## DATA PROVIDED
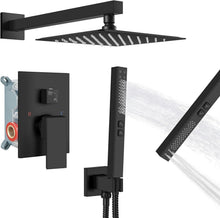 Load image into Gallery viewer, High-Pressure Matte Black Shower Faucet Set - Wall Mount 8" Rain &amp; Handheld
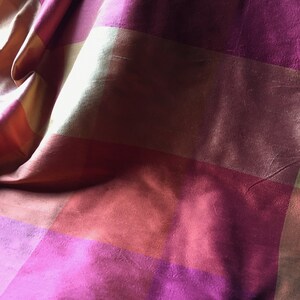 Pink & Orange Plaid Silk Fat Quarter Dupioni Stripe for Bridal, Clutches, Garters, Roses, Sewing image 3
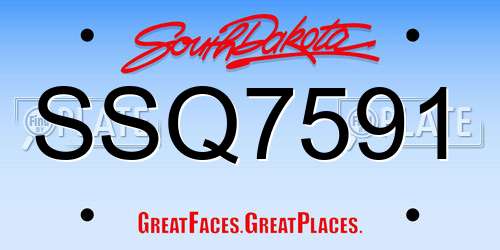 SSQ7591 South Dakota License Plate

## PROBLEM REQUIREMENTS
Which lines fall between the one containing "Pink & Orange" and the last line of the listing, both included? Give them again exactly, without the pictures.

## ANSWER TO THE PROBLEM
 Pink & Orange Plaid Silk Fat Quarter Dupioni Stripe for Bridal, Clutches, Garters, Roses, Sewing image 3
 SSQ7591 South Dakota License Plate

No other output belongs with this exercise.